Irving's blog

The trials and tribulations of computering

Tuning the Chef Server for Scale

In Chef’s Customer Engineering team we are frequently asked for advice on tuning the Chef Server for high-scale situations. Below is a summary of what we generally tell customers. Note that these tuning settings are specific to Chef Server 12, which is the recommended version for any customer who cares about the performance of their Chef server.

General Advice

Understand the OSS components that make up the Chef Server

A good way to think about the Chef server is as a collection of microservices components underpinned by OSS software:

  • Nginx (openresty)
  • PostgreSQL
  • Solr
  • RabbitMQ
  • Redis
  • Chef
  • Erlang/OTP
  • Ruby
  • Runit
  • The Linux Kernel
    • LVM
    • Storage subsystem
    • Network stack

It’s important to understand the performance characteristics, monitoring and troubleshooting of these components.

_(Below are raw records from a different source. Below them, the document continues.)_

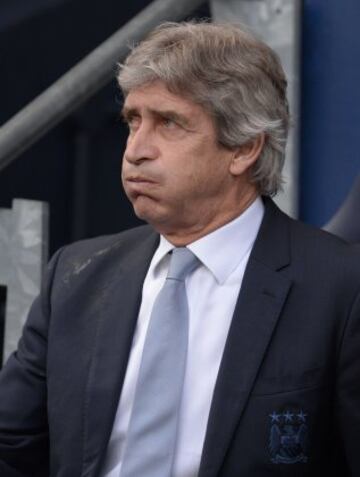 Manuel Pellegrini en su último partido en el Etihad Stadium como técnico del City.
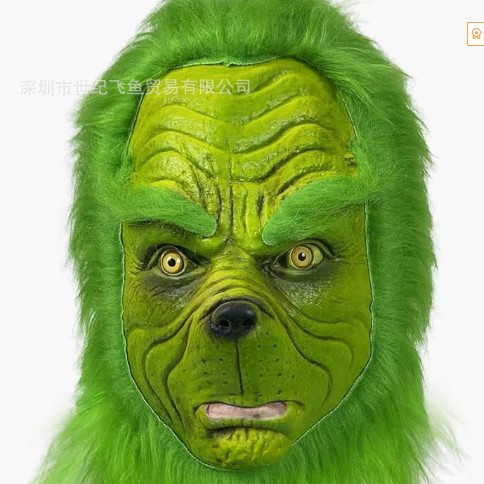 Máscara de Grinch de pelo verde de Halloween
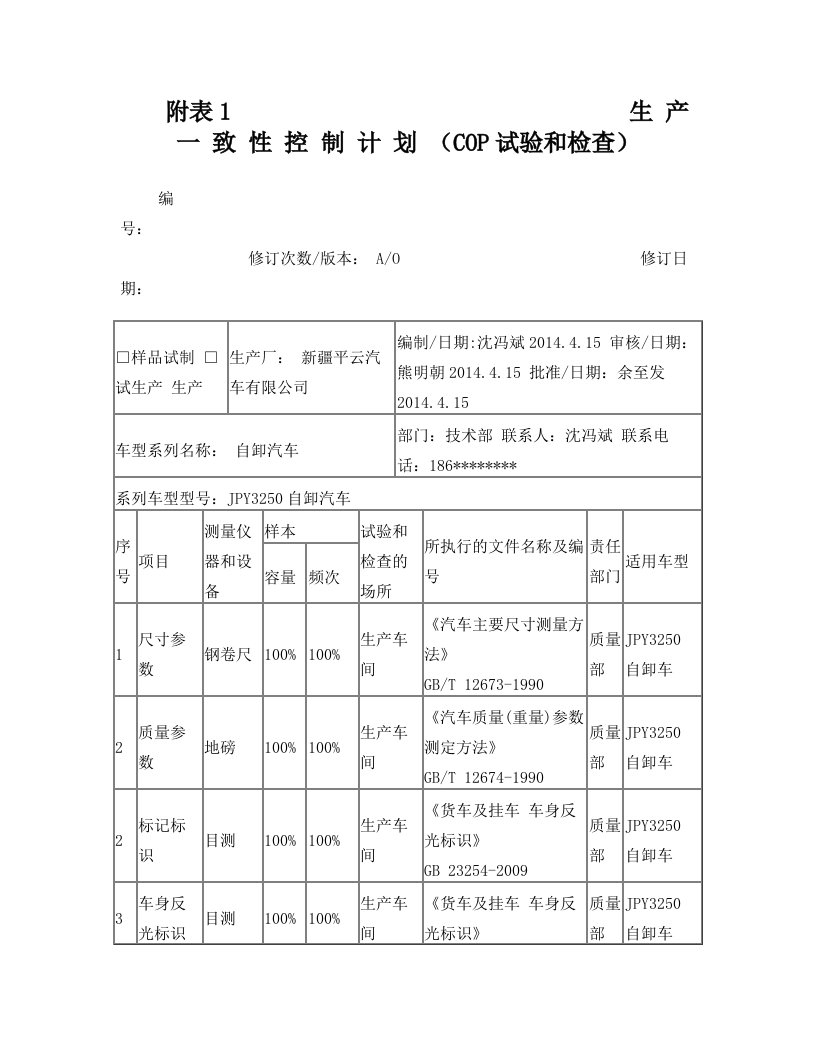 自卸车+生产一致性控制计划用表(中心推荐申请表格式样)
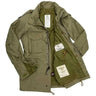 Interior view of Cockpit USA Men's M65 Field Jacket showing tags and inner lining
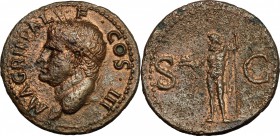 Agrippa (died in 12 AD). AE As, 37-41. D/ Head left, wearing rostral crown. R/ Neptune standing left, cloaked, holding dolphin and trident. RIC (2nd e...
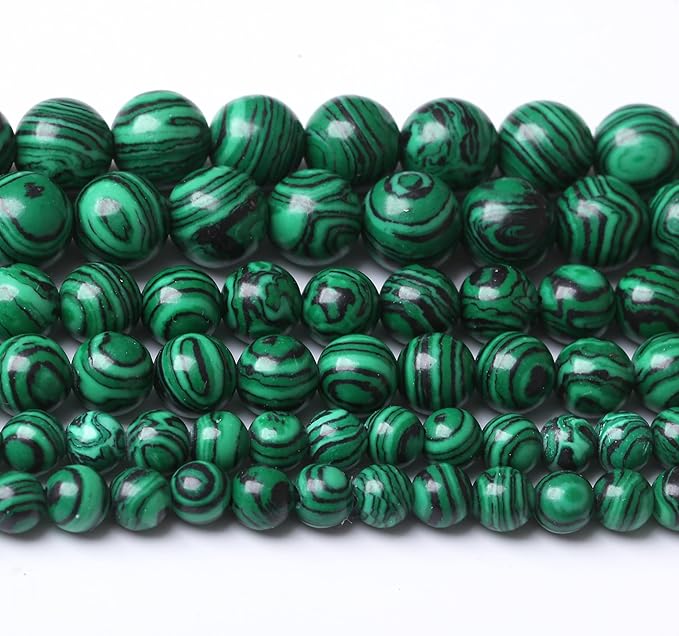 Turquoise Stone Beads Gemstone Round Crystal Energy Jade Beads Stone Beads for Jewelry Making DIY Bracelet Necklace Jewelry Making 1 Strand 15.5inch 45PCS 8MM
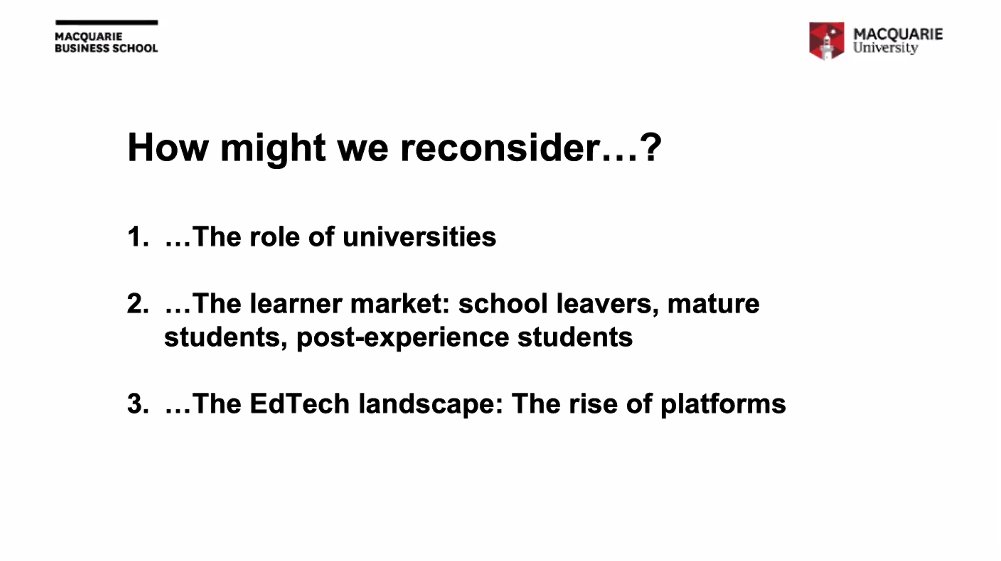 Key questions #role of university #learner market #edtech on the playing field  #qanda  #academicchatter  #highered  #edflix  #edtech  #femedtech  #platform  #innovation  #disruption  #trends  #edchat  #designforlearning  #futureoflearning  #learningfutures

Especially Postgres, Solr, RabbitMQ, Runit and Linux systems in general. It’s worth noting that the Chef server core is Open Source, and all if its code can be examined on Github

Because these components are glued together using Chef, it’s highly recommended that you familiarize yourself with the cookbooks that configure the Chef server when you run chef-server-ctl reconfigure

Have good monitoring in place

We don’t provide prescriptive monitoring guidance at this time, but here’s our advice:

  • Use existing Open source software (Sensu, Nagios, etc) to collect metrics and test the health of the OSS components. This should be fairly straightforward to set up.
  • Configure your monitoring systems and load balancers to query the Health status endpoint of erchef (https://mychefserver/_status)
  • Run a graphite server. erchef will send detailed statistics if you set the following in your chef-server.rb file:
    1
    2
    3
    
    folsom_graphite['enabled'] = true
    folsom_graphite['host'] = 'graphite.mycompany.com'
    folsom_graphite['port'] = 2003
    
  • Use Splunk or Logstash to collect and analyze your Chef server logs.
    • You can collect and graph useful performance data by graphing /var/log/opscode/opscode-erchef/requests.log.N, /var/log/opscode/oc_bifrost/requests.log.N and /var/log/opscode/opscode-reporting/requests.log.N
    • Each request line will show (in ms) various performance counter. For example: req_time=20; rdbms_time=2; rdbms_count=3; authz_time=5; authz_count=1;

Think about API requests per second rather than node counts

A very common measurement for the size of Chef servers/clusters is the number of nodes they serve. However, this number is not terribly useful because of other elements that can cause very wide variation. Namely:

  • The interval and splay of Chef client runs
    • 1000 nodes every hour == 500 nodes every 30 minutes
    • Insufficient splay can cause a “stampede condition” on the Chef server. Splay should be equal to the interval in order to get maximum smoothness of request load.
  • The number and complexity of search requests and databag fetches performed during each Chef run
  • The number of cookbooks depended on for each Chef run. More cookbooks adds loading to the depsolver and also to the Bookshelf service which serves cookbooks
  • The size of node data, which we’ve seen range from 32kb to 5MB (the default maximum is 1MB but can be increased). This adds load to the indexing service (opscode-expander) as well as to Solr

Although it’s not perfect, we’ve found that a good rule of thumb for examining active Chef servers is the number of API requests per second aggregated across the entire cluster. We’ve found that clusters which sustained higher than 125 API RPS started to experience occasional errors.

DRBD: Don’t do it

In the field we’ve found that DRBD has a negative impact on performance and availability of Chef server clusters. Specifically:

  • Because DRBD uses synchronous replication, a block is not considered “committed to disk” until it has been confirmed by both nodes in the cluster. This adds significant latency to each IOP.
  • DRBD’s bandwidth is limited by the network throughput between the nodes. Dedicated cross-over links are not possible in all scenarios (for example VMs) which leads to low and inconsistent throughput.
  • DRBD resyncs can take a very long time and greatly impact performance while running.
  • Although DRBD protects against hardware failure, it does a very poor job of protecting against many classes of software failure. For example, a corrupt database is replicated whole to the other node, so failing over will not correct the system.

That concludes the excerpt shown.